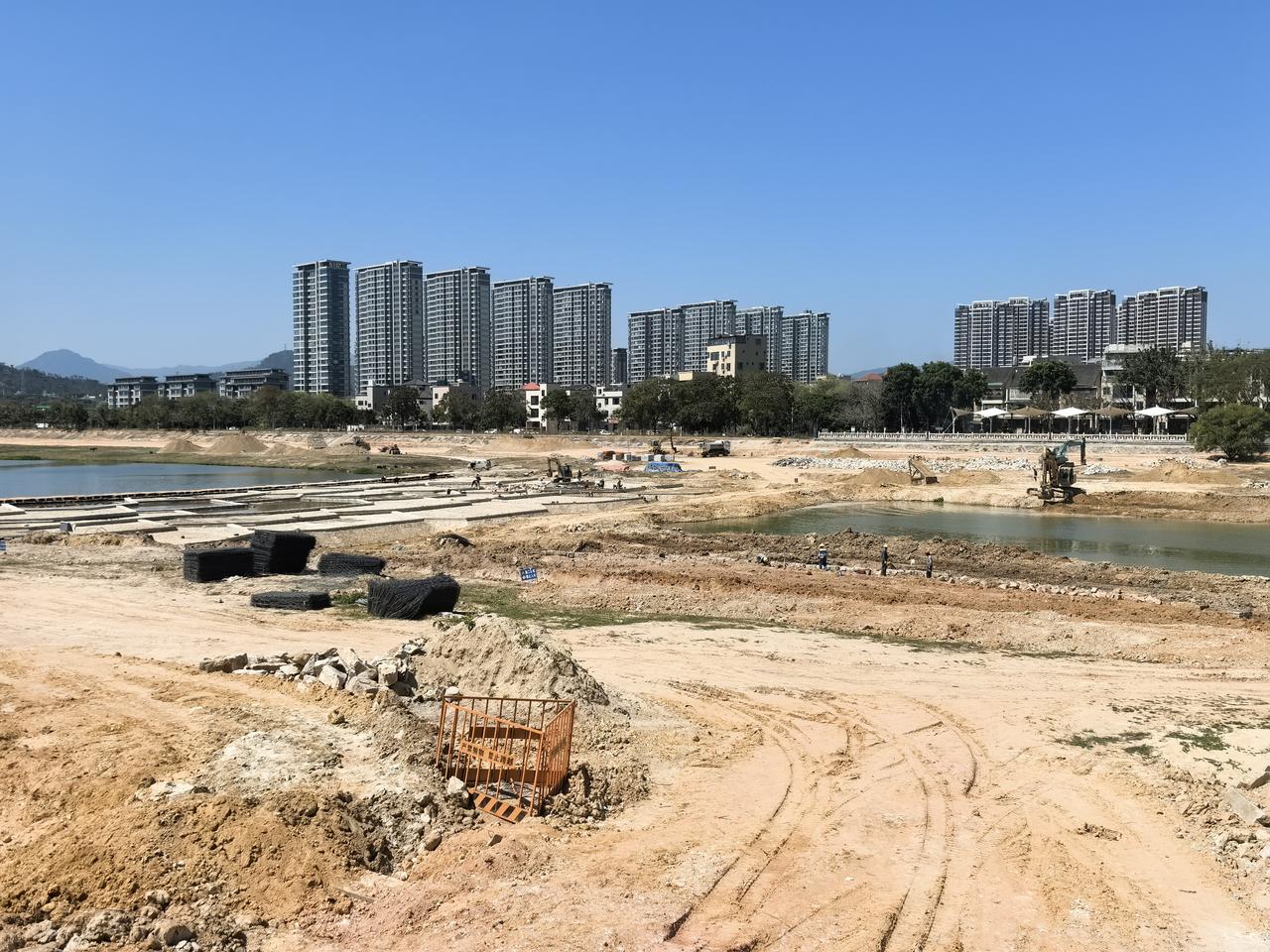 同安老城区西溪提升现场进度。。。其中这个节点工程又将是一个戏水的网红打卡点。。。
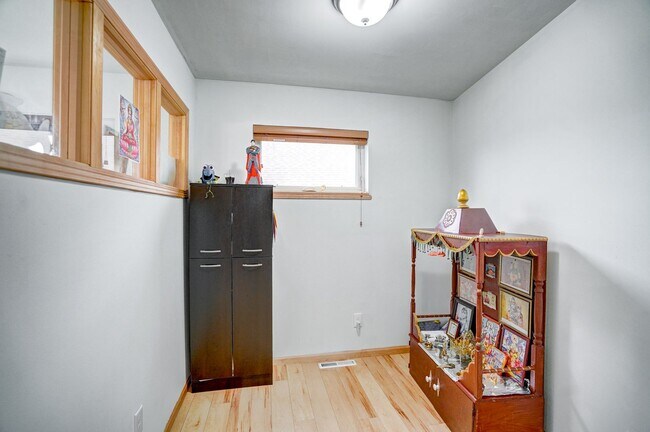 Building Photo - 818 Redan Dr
----------
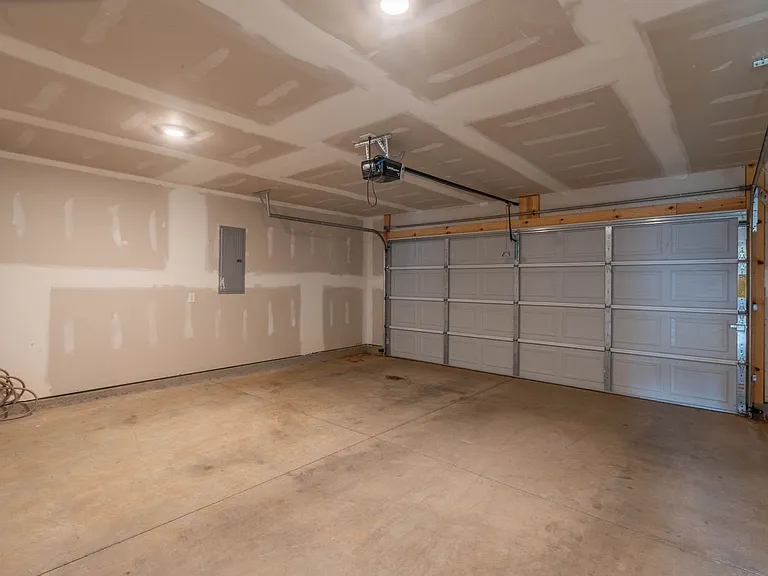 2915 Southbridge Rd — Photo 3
----------
**PROBLEM TO WORK ON:**
When copying from the data above, print only the lines from the line containing "同安老城区西溪提升现场进度。" to the line containing "Building Photo - 818 Redan Dr", exactly, and leave the pictures out.

**YOUR RESPONSE:**
 同安老城区西溪提升现场进度。。。其中这个节点工程又将是一个戏水的网红打卡点。。。
 Building Photo - 818 Redan Dr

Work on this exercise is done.